Residents in an inner-city area are concerned about drug dealers entering their neighborhood. Over the past 14 nights, they have taken turns watching the street from a darkened apartment. Drug deals seem to take place randomly at various times and locations on the street and average about three per night. The residents of this street contacted the local police, who informed them that they do not have sufficient resources to set up surveillance. The police suggested videotaping the activity on the street, and if the residents are able to capture five or more drug deals on tape, the police will take action. Unfortunately, none of the residents on this street owns a video camera and, hence, they would have to rent the equipment.

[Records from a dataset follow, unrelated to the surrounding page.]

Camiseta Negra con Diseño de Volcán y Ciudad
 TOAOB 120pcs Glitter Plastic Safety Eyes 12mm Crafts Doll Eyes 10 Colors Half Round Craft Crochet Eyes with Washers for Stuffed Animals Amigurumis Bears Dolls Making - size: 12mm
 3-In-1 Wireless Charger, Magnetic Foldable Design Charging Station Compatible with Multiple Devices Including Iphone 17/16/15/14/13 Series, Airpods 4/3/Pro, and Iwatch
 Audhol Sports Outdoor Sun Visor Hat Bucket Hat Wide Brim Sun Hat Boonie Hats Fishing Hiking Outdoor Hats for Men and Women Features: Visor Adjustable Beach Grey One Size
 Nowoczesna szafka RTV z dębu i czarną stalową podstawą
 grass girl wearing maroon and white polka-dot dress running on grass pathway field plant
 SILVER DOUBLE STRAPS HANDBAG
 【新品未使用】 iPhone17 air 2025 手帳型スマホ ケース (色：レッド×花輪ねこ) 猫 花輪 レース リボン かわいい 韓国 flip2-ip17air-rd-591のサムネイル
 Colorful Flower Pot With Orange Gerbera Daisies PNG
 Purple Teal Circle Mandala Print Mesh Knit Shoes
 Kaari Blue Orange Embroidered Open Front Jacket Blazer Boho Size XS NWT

Inquiries at the local dealers indicated that the best available rate for renting a video camera is $75 for the first night and $40 for each additional night. To obtain this rate, the residents must sign up in advance for a specified number of nights. The residents hold a neighborhood meeting and invite you to help them decide on the length of the rental period. Because it is difficult for them to pay the rental fees, they want to know the probability of taping at least five drug deals on a given number of nights of videotaping.
a. Which of the probability distributions you have studied might be helpful here?
b. What assumption(s) would you have to make?
c. If the residents tape for two nights, what is the probability they will film at least five drug deals?
d. For how many nights must the camera be rented so that there is at least .90 probability that five or more drug deals will be taped?